• [Entries shown]
· · · · ·

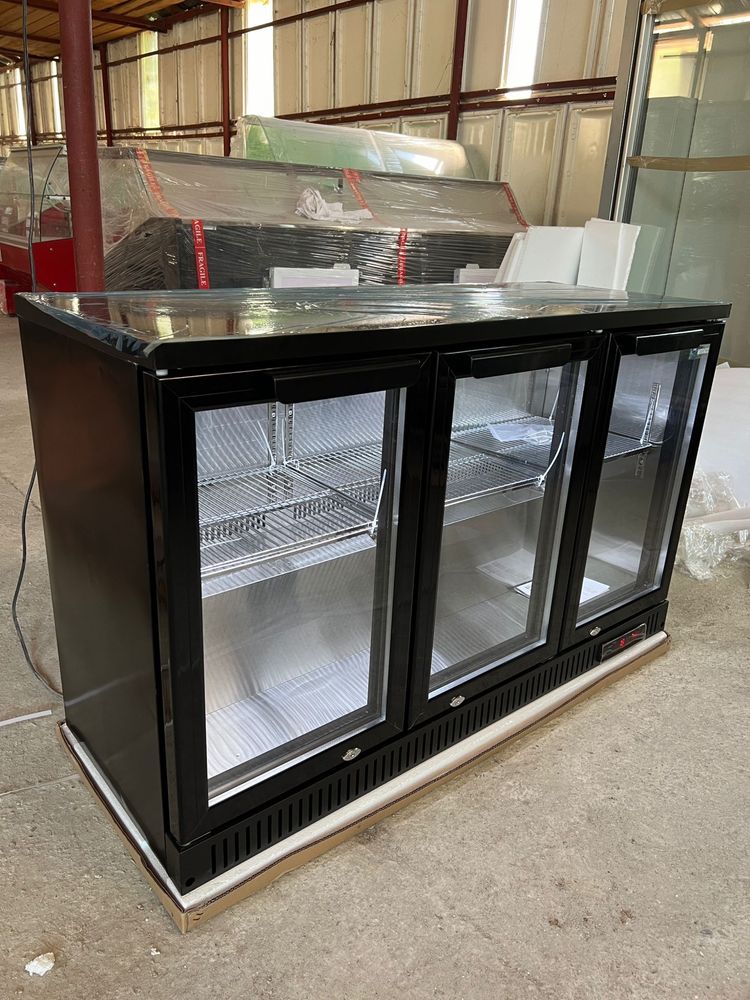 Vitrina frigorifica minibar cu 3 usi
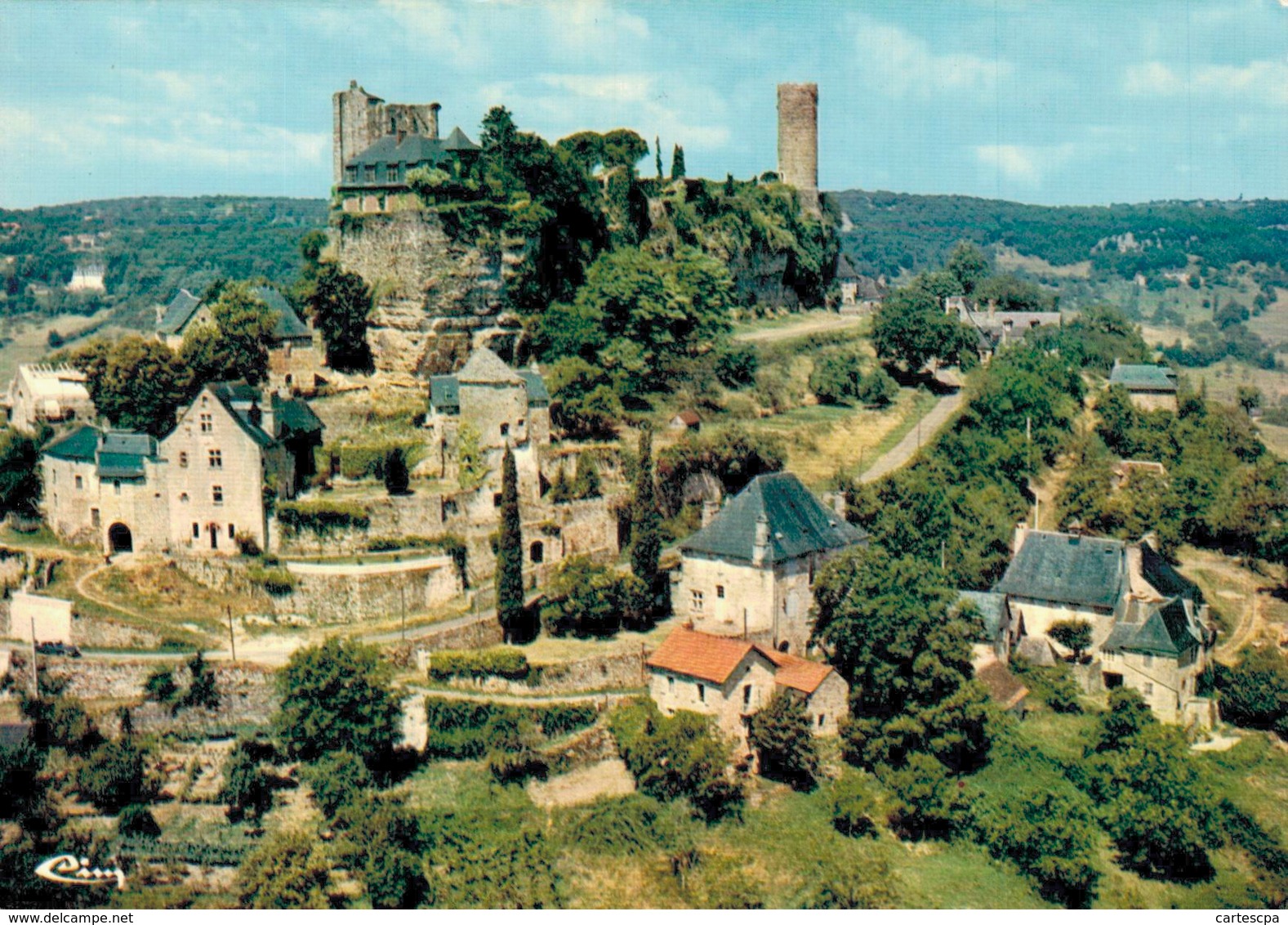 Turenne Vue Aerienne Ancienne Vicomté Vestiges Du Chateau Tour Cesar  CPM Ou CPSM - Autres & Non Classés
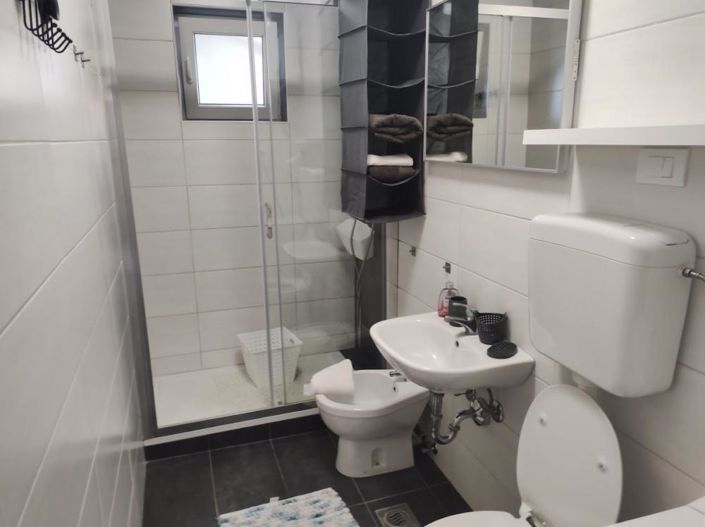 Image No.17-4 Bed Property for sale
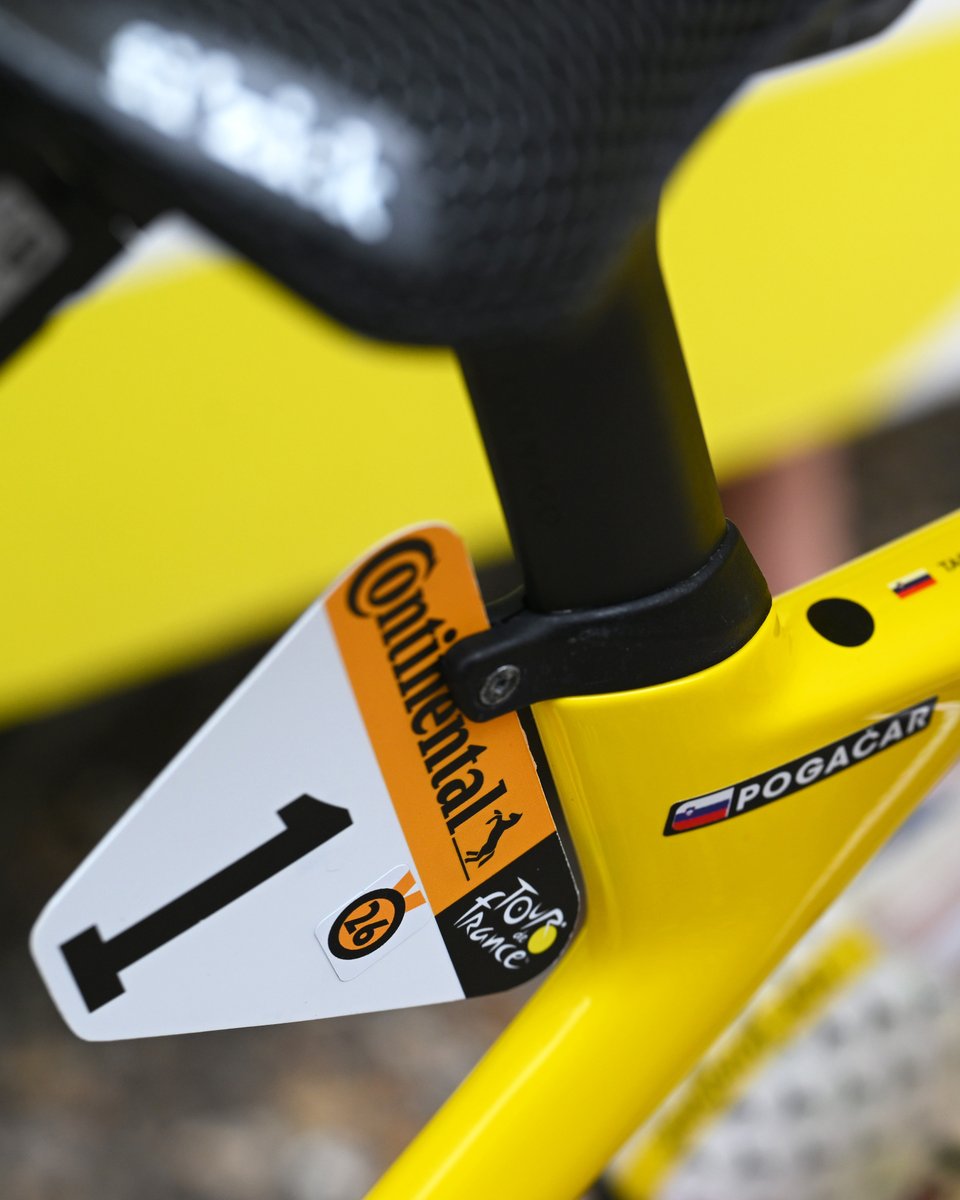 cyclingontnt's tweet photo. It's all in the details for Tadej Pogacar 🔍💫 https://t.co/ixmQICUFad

· · · · ·

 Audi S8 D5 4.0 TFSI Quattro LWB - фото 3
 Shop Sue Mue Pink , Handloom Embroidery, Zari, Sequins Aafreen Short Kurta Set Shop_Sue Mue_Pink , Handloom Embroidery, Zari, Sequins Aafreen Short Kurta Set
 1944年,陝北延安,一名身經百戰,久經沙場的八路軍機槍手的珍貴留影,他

· · · · ·

• [Required work]
Return exactly the stretch above whose first line contains "Vitrina frigorifica minibar cu 3 usi" and whose last line contains "cyclingontnt's tweet photo.", and nothing outside it. The pictures should not appear.

• [Result below]
 Vitrina frigorifica minibar cu 3 usi
 Turenne Vue Aerienne Ancienne Vicomté Vestiges Du Chateau Tour Cesar  CPM Ou CPSM - Autres & Non Classés
 Image No.17-4 Bed Property for sale
 cyclingontnt's tweet photo. It's all in the details for Tadej Pogacar 🔍💫 https://t.co/ixmQICUFad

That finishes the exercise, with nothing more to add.